Statue in Warsaw, Poland

The statue of Juliusz Słowacki (Pomnik Juliusza Słowackiego) is a bronze statue in Warsaw, Poland, placed in front of the Palace of the Minister of Treasury at 3 and 5 Bank Square, within the North Downtown neighbourhood. It is dedicated to Juliusz Słowacki, a 19th-century poet and writer, and a major figure in the Polish Romantic period.
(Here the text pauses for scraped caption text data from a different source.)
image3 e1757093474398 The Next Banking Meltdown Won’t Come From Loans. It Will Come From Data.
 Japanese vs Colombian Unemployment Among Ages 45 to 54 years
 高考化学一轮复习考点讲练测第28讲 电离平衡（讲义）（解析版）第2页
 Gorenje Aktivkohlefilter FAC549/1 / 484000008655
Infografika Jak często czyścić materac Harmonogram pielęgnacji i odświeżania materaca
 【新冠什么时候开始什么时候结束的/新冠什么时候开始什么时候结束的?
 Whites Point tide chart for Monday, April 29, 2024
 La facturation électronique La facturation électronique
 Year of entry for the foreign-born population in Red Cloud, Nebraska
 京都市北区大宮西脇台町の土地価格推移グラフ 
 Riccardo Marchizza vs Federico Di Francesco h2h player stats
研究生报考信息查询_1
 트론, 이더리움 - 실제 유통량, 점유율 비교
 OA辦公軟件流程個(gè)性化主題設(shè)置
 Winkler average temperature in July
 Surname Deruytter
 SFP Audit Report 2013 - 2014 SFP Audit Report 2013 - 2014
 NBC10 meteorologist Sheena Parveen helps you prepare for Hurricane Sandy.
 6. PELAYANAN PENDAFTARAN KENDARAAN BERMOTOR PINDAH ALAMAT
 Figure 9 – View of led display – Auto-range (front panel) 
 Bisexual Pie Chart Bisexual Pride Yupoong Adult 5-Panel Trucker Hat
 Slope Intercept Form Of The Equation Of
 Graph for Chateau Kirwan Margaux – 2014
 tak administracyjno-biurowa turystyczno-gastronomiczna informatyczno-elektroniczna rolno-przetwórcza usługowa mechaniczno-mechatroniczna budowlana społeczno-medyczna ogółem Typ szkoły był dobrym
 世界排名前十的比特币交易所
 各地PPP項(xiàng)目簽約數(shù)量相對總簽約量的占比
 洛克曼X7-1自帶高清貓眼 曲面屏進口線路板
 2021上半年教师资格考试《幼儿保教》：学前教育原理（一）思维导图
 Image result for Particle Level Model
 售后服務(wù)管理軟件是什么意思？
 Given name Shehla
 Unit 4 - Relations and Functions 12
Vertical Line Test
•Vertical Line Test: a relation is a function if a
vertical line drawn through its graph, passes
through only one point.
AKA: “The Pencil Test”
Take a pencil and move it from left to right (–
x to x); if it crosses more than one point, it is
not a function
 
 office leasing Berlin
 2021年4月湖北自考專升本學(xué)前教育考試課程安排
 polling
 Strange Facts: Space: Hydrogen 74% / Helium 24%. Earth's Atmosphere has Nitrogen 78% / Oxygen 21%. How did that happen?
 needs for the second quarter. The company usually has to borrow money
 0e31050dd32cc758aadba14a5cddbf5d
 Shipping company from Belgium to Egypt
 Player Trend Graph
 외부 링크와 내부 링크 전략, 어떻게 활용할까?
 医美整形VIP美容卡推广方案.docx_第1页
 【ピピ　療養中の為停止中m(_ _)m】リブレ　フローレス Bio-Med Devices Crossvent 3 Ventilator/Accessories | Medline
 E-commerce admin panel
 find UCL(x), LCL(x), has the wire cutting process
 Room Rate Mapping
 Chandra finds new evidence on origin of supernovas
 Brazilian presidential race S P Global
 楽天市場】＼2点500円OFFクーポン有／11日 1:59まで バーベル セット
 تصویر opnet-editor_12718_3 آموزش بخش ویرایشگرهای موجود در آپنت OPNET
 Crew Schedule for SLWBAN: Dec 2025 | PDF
The statue was originally designed by Edward Wittig in 1932, with the monument being unveiled on 29 September 2001.

== History ==
The first proposals to commemorate writer Juliusz Słowacki with a monument in Warsaw were raised in the 19th century, following his death in 1849. However, due to pro-Polish independence messages in his works, especially in Kordian, the Russian authorities always rejected them.

The idea surfaced again in 1927, after an urn with Słowacki's ashes was brought from Kraków to Warsaw. As such, the city council decided to erect him a monument. Sculptor Wacław Szymanowski was commissioned to design it; however, the project was soon halted due to lack of funding and the Great Depression. It was again proposed in the 1960s and the 1970s; however, it never came to fruition.

In 1995, members of the Association of Heritage Monuments Protection discovered a gypsum model of a sculpture of Słowacki, originally made in 1932 by Edward Wittig, as a proposed project for a memorial in Lviv, placed in a warehouse in the Royal Baths complex. A committee was formed with a goal of erecting a bronze cast of the sculpture in Warsaw, and collecting funds for it.

In 1999, a cornerstone was sent to Vatican City, where it was blessed by Pope John Paul II. He also signed the monument's founding document, which was later signed by the President of Poland Aleksander Kwaśniewski on 28 March 2001.

The bronze statue was unveiled on 29 September 2001 at the Bank Square, several meters to the south from the location of the former monument of Felix Dzerzhinsky, which was removed in 1989. The location was chosen because Słowacki used to work in the nearby Palace of the Minister of Treasury. Inside the granite pedestal of the monument was placed an 80-kilogram bronze urn, containing dirt from Juliusz Słowacki's grave in Paris, and from the graves of his parents, Salomea's in Kremenets, Ukraine, and Euzebiusz's in Vilnius, Lithuania, as well as the statue's founding document.

== Design ==
The monument consists of a large bronze statue of Juliusz Słowacki, placed on a granite pedestal. He is depicted nude, wrapped up with a large cloth, with his chest and head uncovered. The monument is 12 metres tall.